Marok: adoriamo entrambi quella canzone. Ci ha fatto penare un pò perchè sentivamo mentre nasceva che era molto molto bella, ma non riuscivamo a metterla bene a fuoco… poi a un certo punto… è fiorita in qualche ora.
Edda: Canzone di Gianni. Te l’ho detto che si merita un encomio istituzionale. Mi ha mandato la musica e dovevo a tutti costi trovare un cantato se no chiamava Manuel Agnelli. Si vede che la paura fa 90 in certi casi.

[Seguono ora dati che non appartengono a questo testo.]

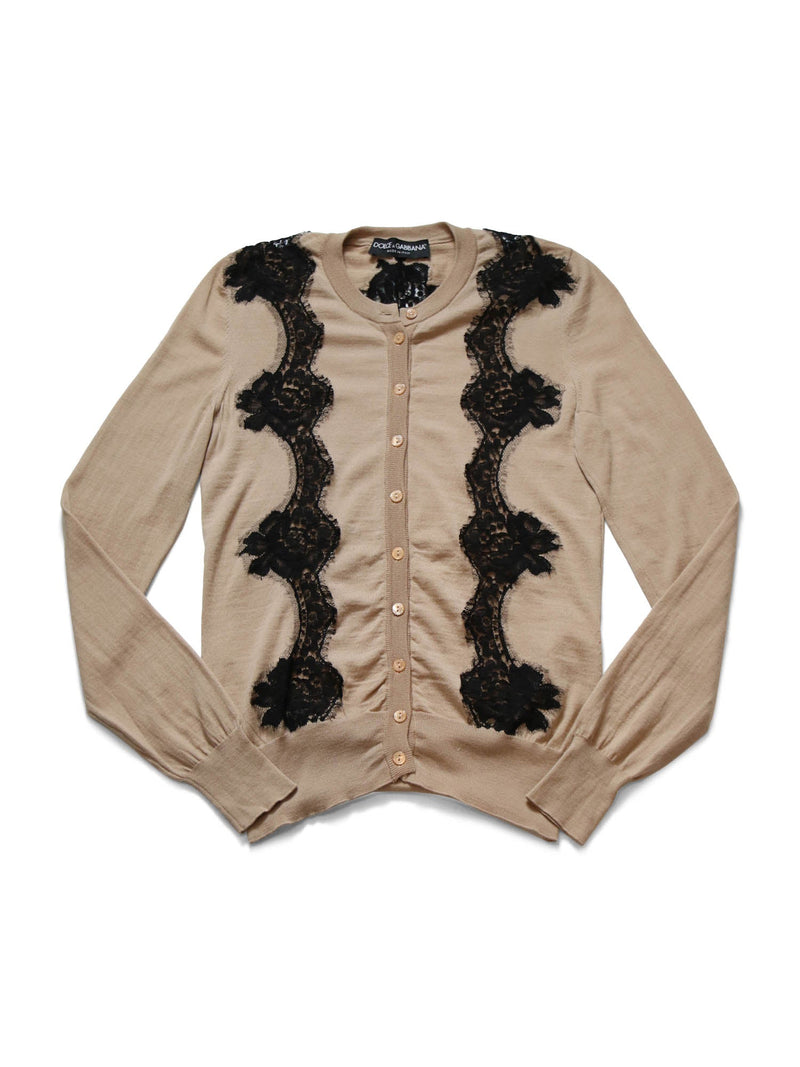 Dolce and Gabbana Wool Lace Button Up Cardigan Beige Black-designer resale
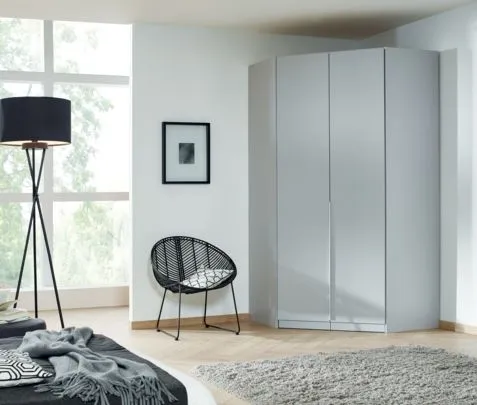 Alabama 117cm Corner Wardrobe - Silk Grey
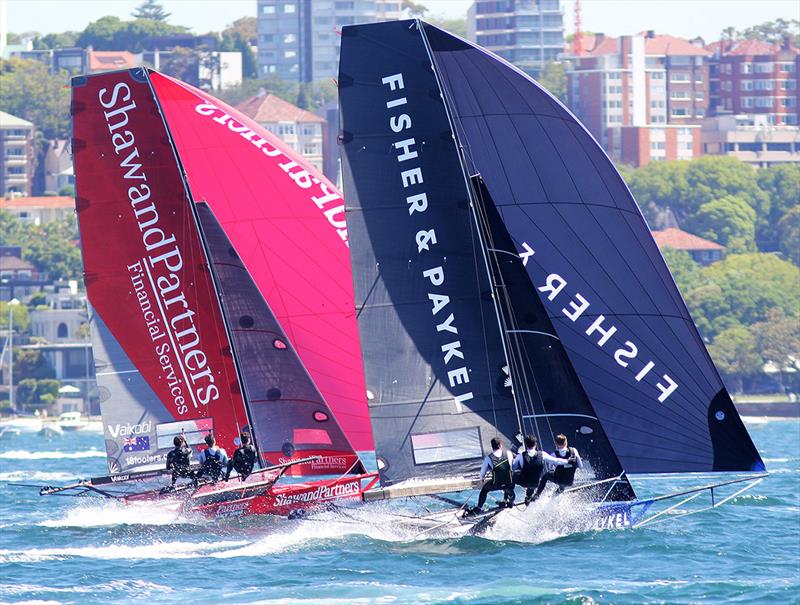 Shaw and Partners and Fisher and Paykel had a great spinnaker battle on the first lap of the course - NSW 18ft skiff Championship photo copyright Frank Quealey taken at Australian 18 Footers League and featuring the 18ft Skiff class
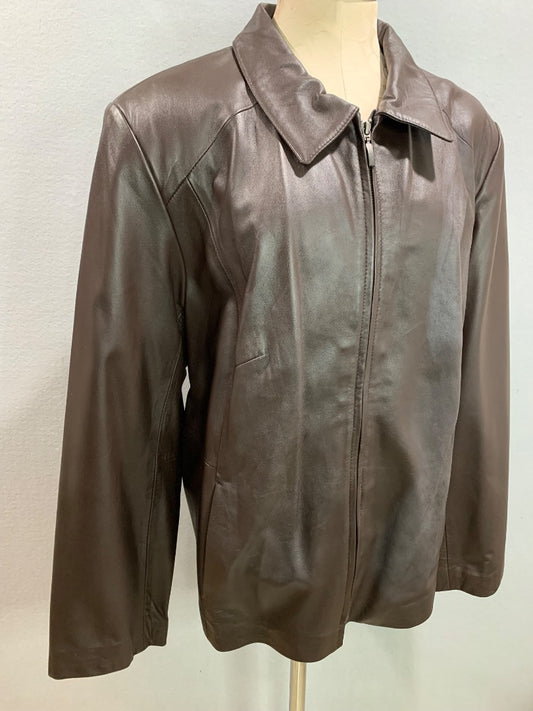 Size 22W Style & Co Womens Chocolate Brown Leather Jacket Zip Up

In questo album di libertà totale c’è spazio anche per il mantra Hare Krishna Mantrino preghiera indiana in chiave Chris Isaak. Mantrino perchè è corto od e è un vezzeggiativo d’affetto? 🙂
Edda: Le canzoni si scelgono i titoli da sole

Mantrino l’ho percepita come un’introduzione amorevole alla cover successiva di Claudio Rocchi Castelli di sabbia. Gianni tu hai lavorato con Claudio nel vostro album del 2013 VdB23/Nulla è andato perso, uscito dopo la sua scomparsa. Mi piacerebbe lasciarvi spazio per parlare della figura di Claudio Rocchi per le generazioni più giovani e chiedervi cosa vi lega a lui.
Marok: Claudio è stato uno degli incontri speciali e fortunati della mia vita. Anche in questo caso, il rapporto umano tra due persone ha reso possibile della musica condivisa. Claudio è un Illuminato. Io lo chiamavo “aprimente” anche se in realtà la sua vicinanza e la nostra reciproca conoscenza e amicizia mi ha permesso di aprire gli occhi e il cuore. Prima che lasciasse questa vita abbiamo vissuto tre anni indimenticabili. E forse c’è il suo zampino anche nell’incontro speciale che sto avendo la fortuna di vivere con Stefano.
Edda: Anche qui è un dono da molti riconosciuto, che Gianni ha nel scegliere la formazione da mandare in campo. Claudio Rocchi per me ê soprattutto Krishna Caitanya. L’ho conosciuto perché ascoltavo RKC la radio degli hare krishna. Era uno dei miei speaker preferiti. Ho ascoltato per anni le sue trasmissioni, non avrei ma creduto che un giorno avrei cantato una sua canzone, così come non avrei mai creduto che avrei fatto un disco con Maroccolo. La vita è strana.

Apro uno spazio di ottimismo e vi chiedo, non appena le circostanze lo permetteranno, vi vedremo insieme sui palchi?
Marok: Se Stefano non cambia idea, credo proprio di si!
Edda: Sì lo spero, anche perché sarebbe un peccato non suonare dal vivo queste canzoni.